The task:
Skip the images and repeat every entry word for word.

Data to process:
Segment Open
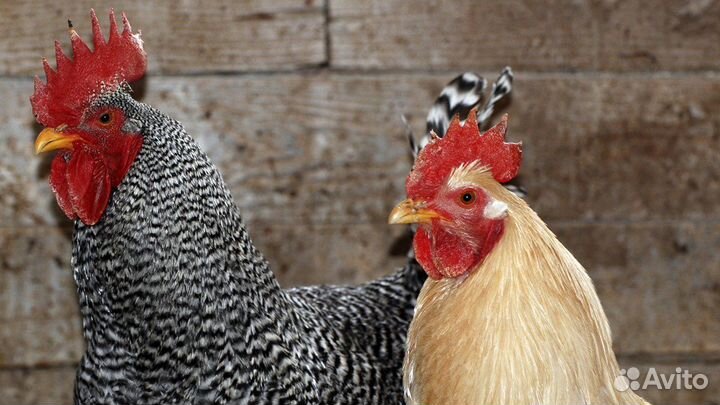 Молодые петушки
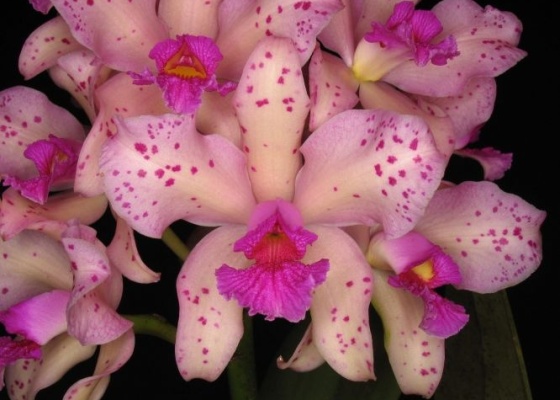 A Cattleya amethystoglossa, tem como coloração mais comum o lilás com pintas rosadas - Divulgação
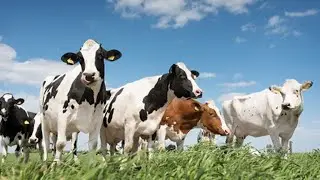 How Farmers Raise And Transport Millions Of Giant Cows - Farming Giant Cows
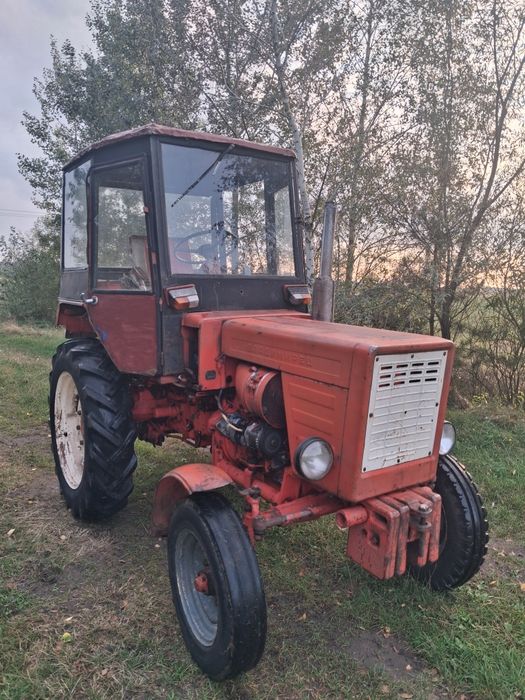Władimirec t25 Zarejestrowany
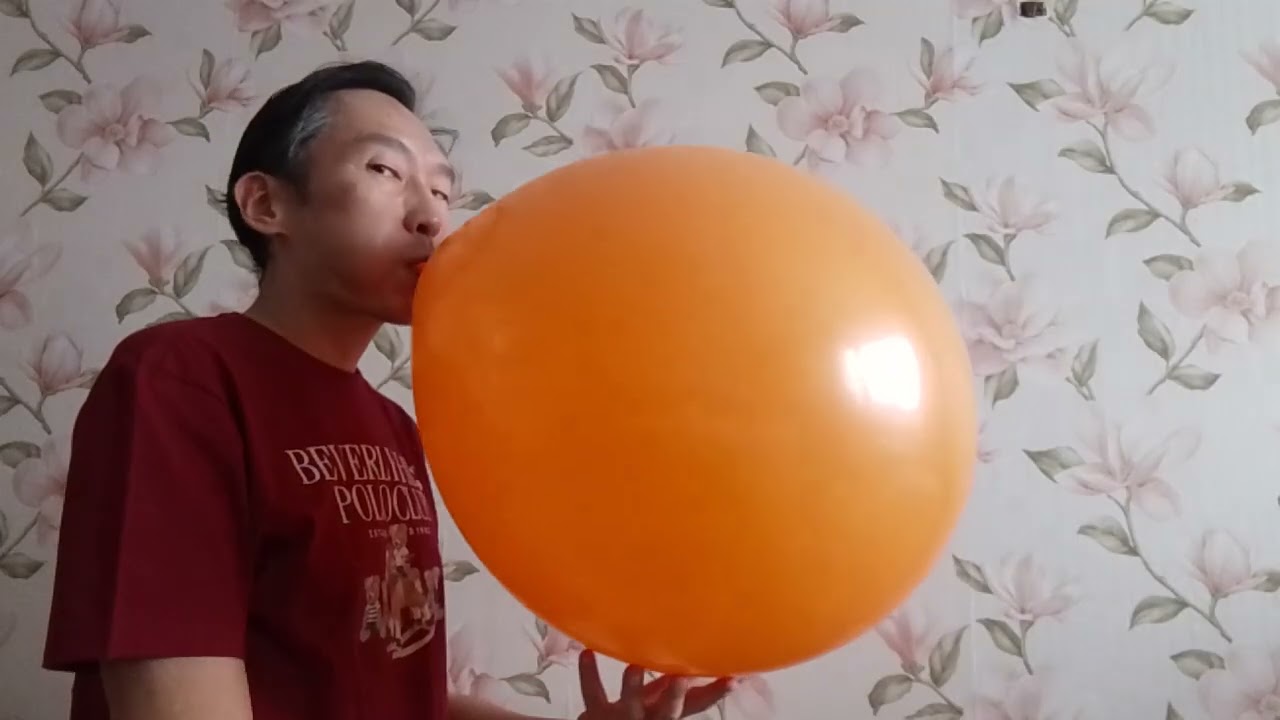 Blowing to pop 🎈(orange) 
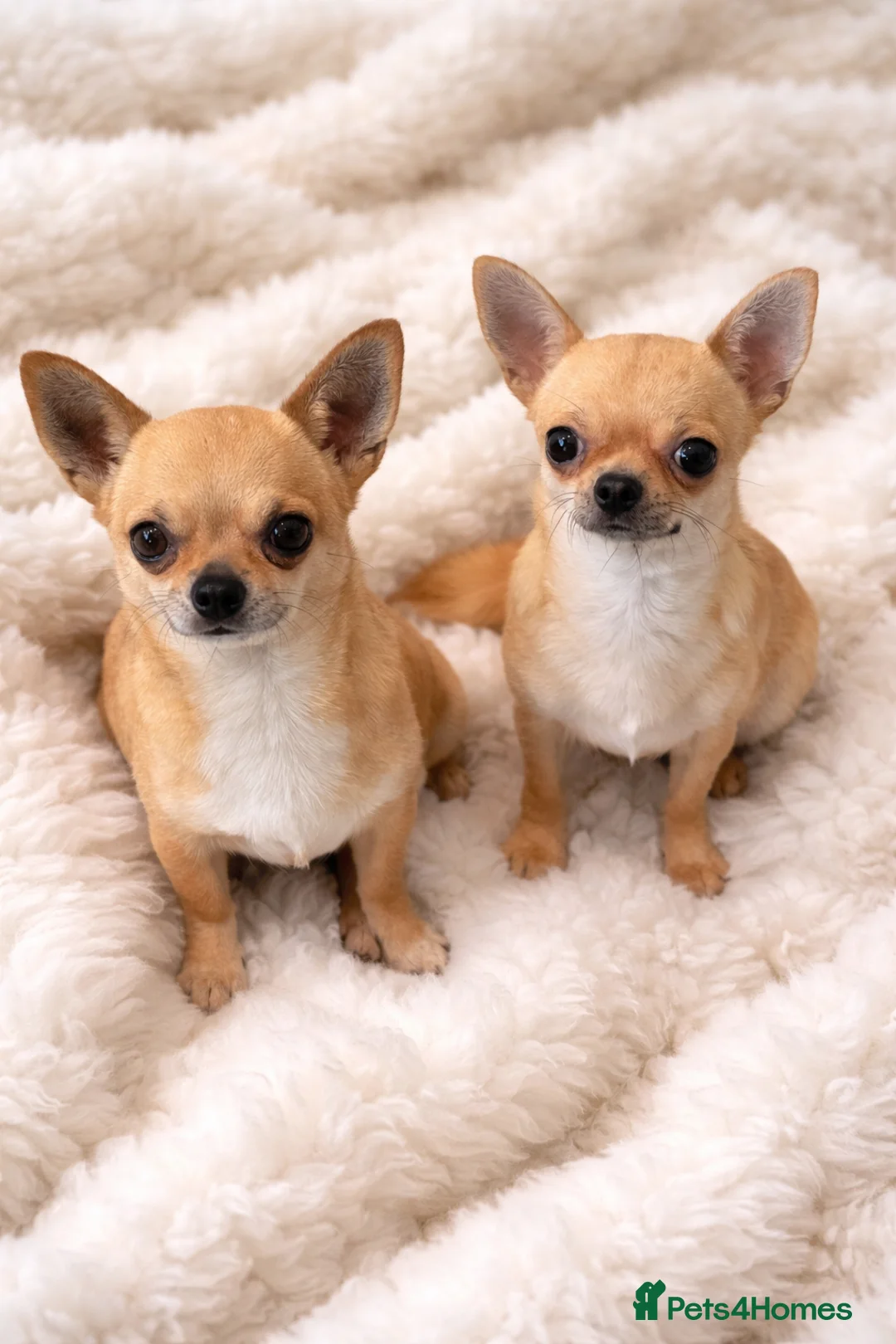 Chihuahua dogs for sale: Beautiful KC Chihuahua Pup - Top Show Lines - Advert 7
Segment Closed
Exercise response:
 Молодые петушки
 A Cattleya amethystoglossa, tem como coloração mais comum o lilás com pintas rosadas - Divulgação
 How Farmers Raise And Transport Millions Of Giant Cows - Farming Giant Cows
Władimirec t25 Zarejestrowany
 Blowing to pop 🎈(orange) 
 Chihuahua dogs for sale: Beautiful KC Chihuahua Pup - Top Show Lines - Advert 7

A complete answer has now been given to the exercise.